Supplementary Table 1 shows the main intercluster differences with the computed statistics.

No significant differences were found for BMI, peptic ulcer, connective tissue disease, and lung and liver failure on admission for CA based on CCI + SAPS II, and for gender, BMI, dementia, peptic ulcer, connective tissue disease, and lung and liver failure on admission for CA based on CCI + SOFA.

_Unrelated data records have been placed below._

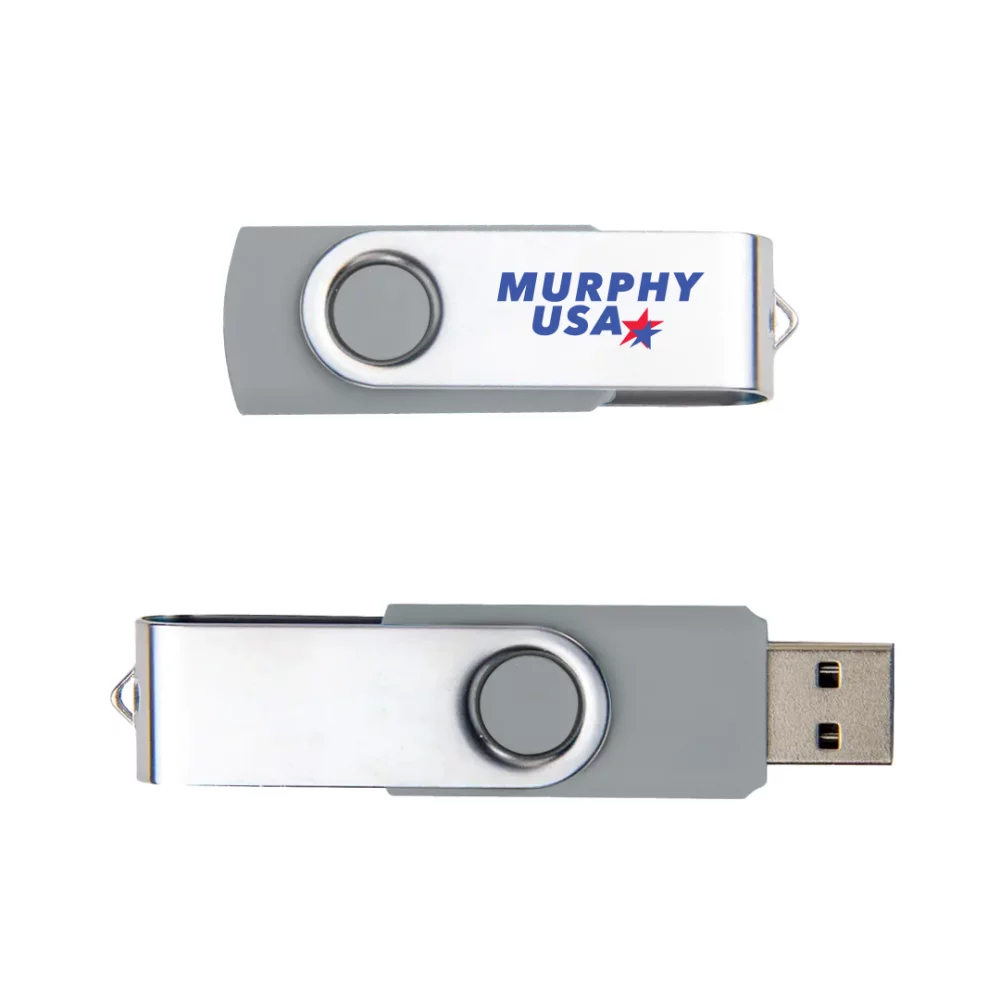 Swing Drive USB Stick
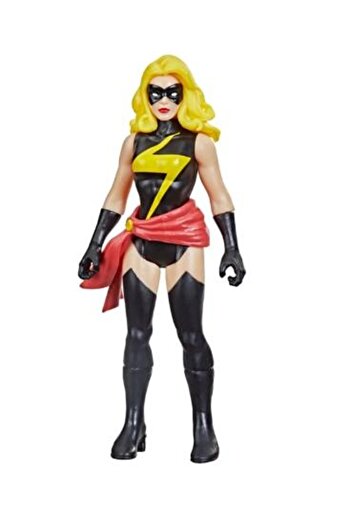 Marvel Figurina Carol Danvers Legends Recollect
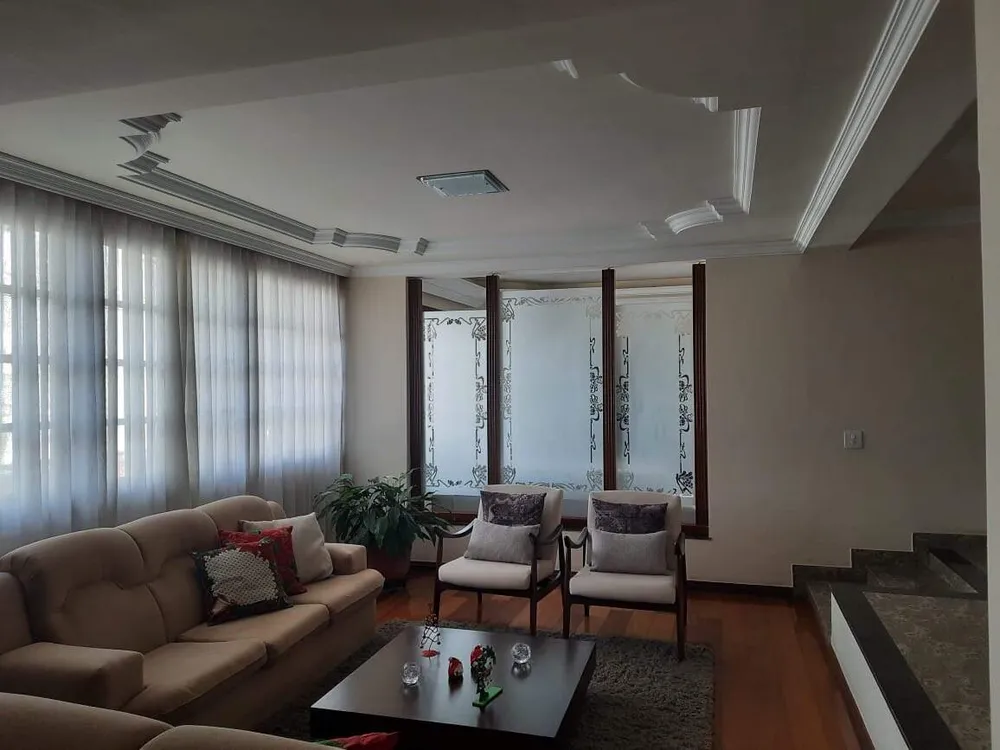 Casa, 3 quartos, 348 m² - Foto 4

According to ρ and V coefficients (Table 2), in CA based on CCI + SAPS, gender, liver disease, dementia, hematological malignancy, drug/alcohol addiction, and brain and coagulation failure on admission showed a very weak relationship. In contrast, CCI and SAPS II showed a strong relationship. Age, SOFA, congestive heart failure, chronic kidney disease, and ICU administration of vasopressor/inotrope showed a moderate relationship. All other variables showed a weak relationship.

Table 2 The table shows the effect size between variables and different clustering

In CA based on CCI + SOFA, neurodegenerative disease, hematological malignancy, drug/alcohol addiction, and coagulation failure on admission showed a very weak relationship. SAPS II, SOFA, and ICU administration of vasopressor/inotrope showed a strong relationship, while age, CCI, congestive heart failure, and chronic kidney disease showed a moderate relationship. All other variables showed a weak relationship.

3.3 Survival Analysis

For CCI + SAPS II clustering, the median ICU LOS was 6.0 days [2.0–15.0] for cluster A and 2.0 days [0.0–8.0] for cluster B, with a statistically significant difference (p-value < 0.0001). The survival rates were 62.2% (603 patients) and 24.7% (376 patients) for clusters A and B, respectively, with differences statistically significant (p-value < 0.0001). Kaplan–Meier analysis (Fig. 3A) showed that median survival times were 18.0 days (CI95% 16.0–23.0 days) for cluster A and 4.0 days (CI95% 4.0–5.0 days, p-value < 0.0001) for cluster B.

Fig. 3
figure 3

The figure shows the 28-day survival curves for CCI + SAPS II (A) and CCI + SOFA (B) clustering with the risk tables. A The predicted 28-day survival probabilities for clusters A and B were 43.7% (CI95% 39.7–48.1%) and 11.1% (CI95% 9.2–13.4%). Peto-Peto χ2 = 448 on 1 degrees of freedom, p-value < 0.0001. B The predicted 28-day survival probabilities for cluster α and β were 42.2% (CI95% 38.5–46.3%) and 8.6% (CI95% 6.9–10.8%). Peto-Peto χ2 = 589 on 1 degrees of freedom, p-value < 0.0001

For CCI + SOFA clustering, the median ICU LOS was 6.0 days [2.0–15.0] for the cluster α and 2.0 days [0.0–7.0] for the cluster β, with a statistically significant difference (p-value < 0.0001). The survival rates were 61.1% (780 patients) and 20.2% (269 patients) for cluster α and β, respectively, with differences statistically significant (p-value < 0.0001). Kaplan–Meier analysis (Fig. 3B) showed that median survival times were 17.0 days (CI95% 16.0–20.0 days) for the cluster α and 3.0 days (CI95% 2.0–4.0 days, p-value < 0.0001) for the cluster β.

3.4 Multivariate Logistic Regression and Predictive Performance

Table 3 shows the multivariate logistic regression results. For model 1, time from in-hospital to ICU admission, previous admission in the medical ward, brain, cardiocirculatory and metabolic failure, and septic shock were risk factors for mortality. Contrarily, lung failure, sepsis, and trauma were factors related to the reduction in mortality risk.

Table 3 The table reports the results of multivariate regression analysis for the three models: model 1 (without clustering), model CCI + SAPS II clustering, and model CCI + SOFA clustering

For clustered models, belonging to cluster B or β represented an independent risk factor for the increase in mortality, with an OR of 4.65 (CI95% 3.87–5.60) and 5.44 (CI95% 4.50–6.59), respectively.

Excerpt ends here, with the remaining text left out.